As ações poderão incluir obras de reconstrução, melhoria ou ampliação da infraestrutura afetada, mitigação de efeitos do fenômeno que causou a calamidade, contratação de mão de obra temporária, financiamento e subvenções para remoção de famílias e empresas de áreas de risco, aquisição de materiais e equipamentos e contratação de serviços necessários ao enfrentamento da tragédia.
Como mostrou a Folha de S.Paulo, o governo já vinha estudando suspender a cobrança dos juros sobre a dívida do Rio Grande do Sul para evitar que o governo estadual retome os pagamentos devendo um valor ainda maior à União.
A proposta do Executivo federal cria um arcabouço permanente para permitir a suspensão de dívidas em caso de calamidade reconhecida pelo Congresso Nacional.
O Rio Grande do Sul e os municípios gaúchos poderão fazer uso imediato do gatilho, mas o instrumento poderá eventualmente ser acionado por outros entes, caso haja um novo evento dessa natureza no futuro.
O texto do Executivo estabelece regras para que o ente beneficiado demonstre e dê publicidade à aplicação dos recursos, comprovando a correlação entre o alívio na dívida e as ações desenvolvidas dentro do escopo previsto da calamidade.
O governo estadual ou municipal terá um prazo para apresentar o plano de trabalho ao Ministério da Fazenda. A cada ano, também precisará enviar um relatório comprovando a aplicação das verbas.
Em contrapartida à ajuda, o ente beneficiado não poderá, no período da calamidade, criar ou ampliar despesas correntes sem relação com a calamidade, nem instituir ou ampliar renúncias fiscais fora do plano de ação contra a emergência. Exceções deverão ser justificadas à Fazenda.
Após o anúncio, o presidente do Senado afirmou que a situação do Rio Grande do Sul é o "maior problema do Estado brasileiro neste momento" e será tratada com prioridade pelo Congresso.
O presidente da Câmara, Arthur Lira (PP-AL), disse em rede social que o projeto de suspensão da dívida gaúcha será votado ainda esta semana pelo plenário da Casa.
No Palácio do Planalto, Haddad disse que o governo federal não tem um limite estipulado para bancar as medidas de ajuda ao Rio Grande do Sul. "À medida que os problemas forem sendo dimensionados, nós vamos tomar medidas. É muito difícil a essa altura prever até onde nós vamos chegar. Não tem uma estimativa segura", afirmou.
Segundo ele, a reconstrução da infraestrutura é essencial para um estado que tem indústria e é exportador.

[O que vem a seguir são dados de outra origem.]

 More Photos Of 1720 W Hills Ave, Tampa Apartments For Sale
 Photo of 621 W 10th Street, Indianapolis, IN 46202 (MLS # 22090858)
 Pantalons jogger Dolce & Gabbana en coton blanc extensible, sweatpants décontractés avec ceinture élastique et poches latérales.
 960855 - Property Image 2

"Nós não podemos colocar o crescimento econômico do país a perder em função de falta de infraestrutura. Precisa de aeroporto, precisa de estrada, precisa de tudo para a economia funcionar normalmente", disse.
"Se você economizar agora nisso, você vai ter um prejuízo no crescimento econômico medonho. É um estado pujante, é um estado que precisa crescer mais e não menos. Isso só vai acontecer se a infraestrutura estiver recuperada", alertou o ministro.

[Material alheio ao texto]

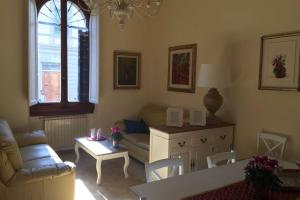 Gallery image of Charming Family Lodge With Private Garage in Florence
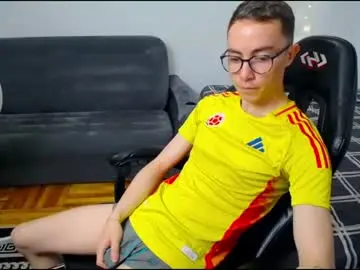 Chaturbate Live Sex of charlieseyer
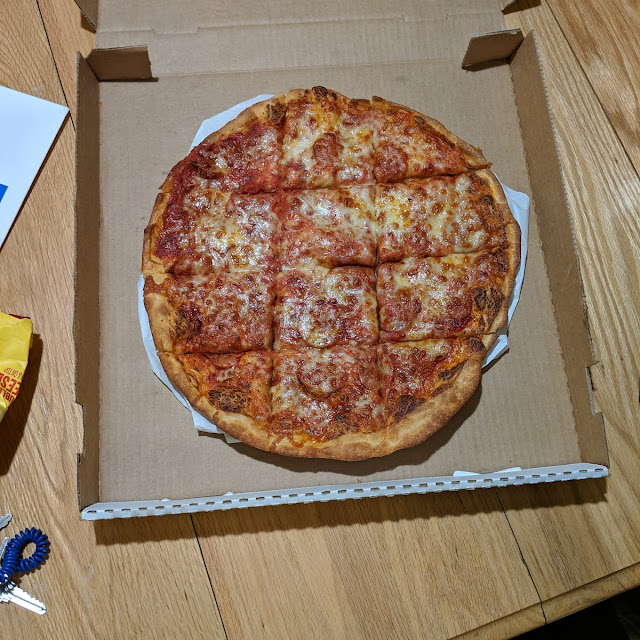 lg Pepperoni Pizza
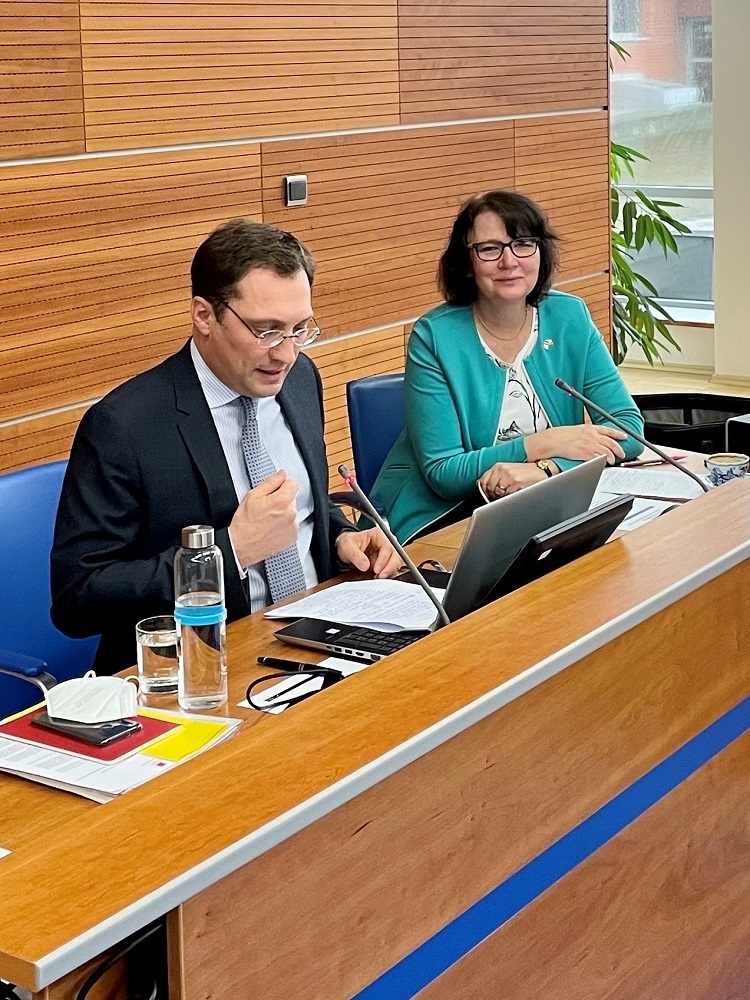 Francouzský velvyslanec přednášel v předmětu Světová ekonomika na FMV
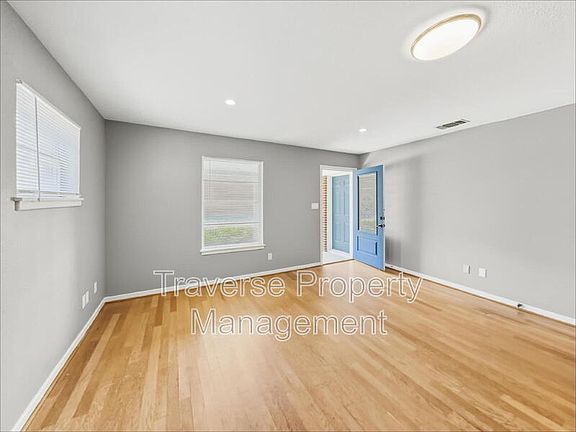 5th image of 304 S Waco St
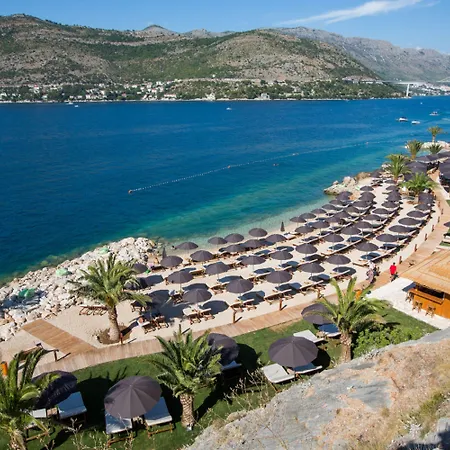 Hotel Valamar Lacroma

Inicialmente, o governo federal planejava suspender a dívida do Rio Grande do Sul durante o período da calamidade. Lula propôs e o Congresso aprovou um decreto legislativo que reconhece o estado de calamidade pública, em decorrência da tragédia climática no Rio Grande do Sul, com duração até 31 de dezembro de 2024.

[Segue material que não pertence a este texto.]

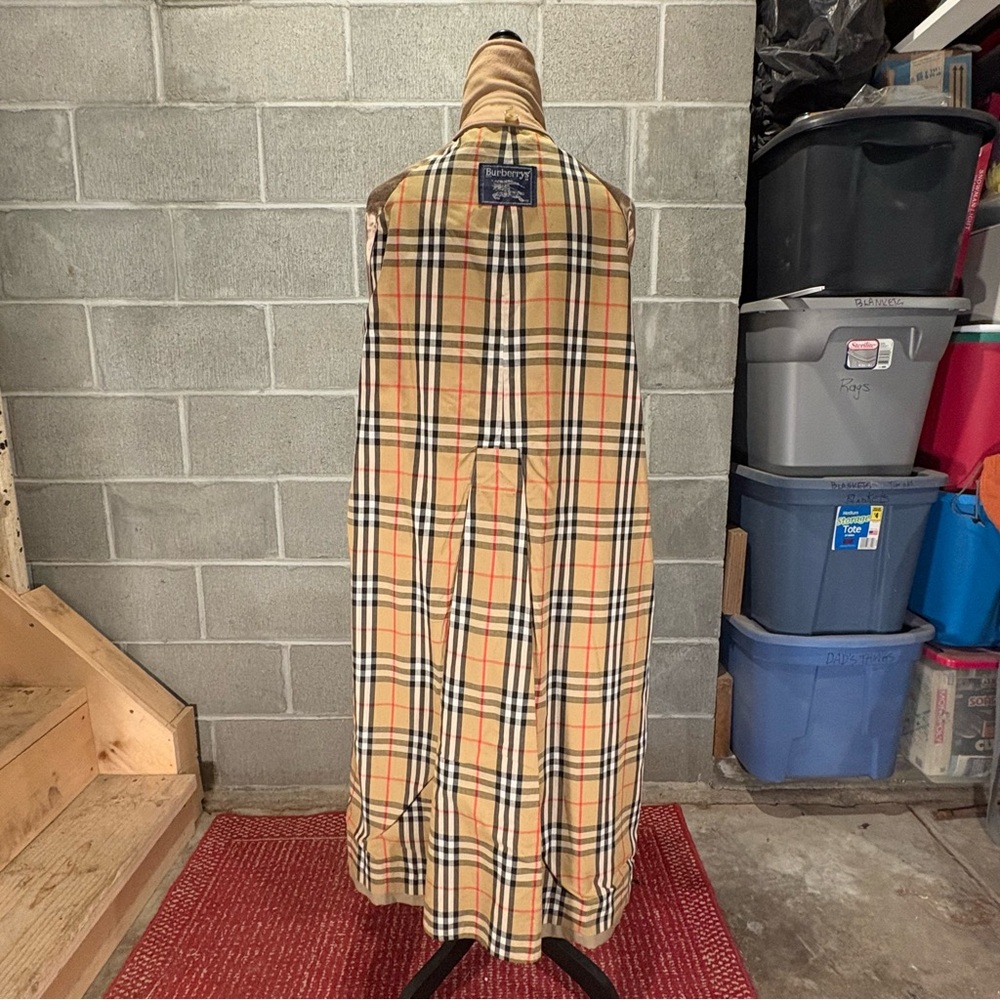 Burberry trench coat. - Picture 7 of 14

Nesse período, o alívio seria de R$ 3,5 bilhões. O período da suspensão, porém, foi ampliado em negociações internas dentro do governo. Como mostrou a Folha de S.Paulo, especialistas já calculam uma necessidade de até R$ 100 bilhões para o estado conseguir recuperar sua infraestrutura após os danos causados pelas enchentes.
No Congresso, Pacheco também usou um debate com prefeitos para voltar a cobrar uma solução para a reoneração da folha de pagamento dos municípios. "Tenho a firme convicção que o momento não poderia ser mais propício para essa negociação. Foi preciso um evento das dimensões da tragédia do Rio Grande do Sul para provar que todos estamos no mesmo barco", disse no plenário do Senado.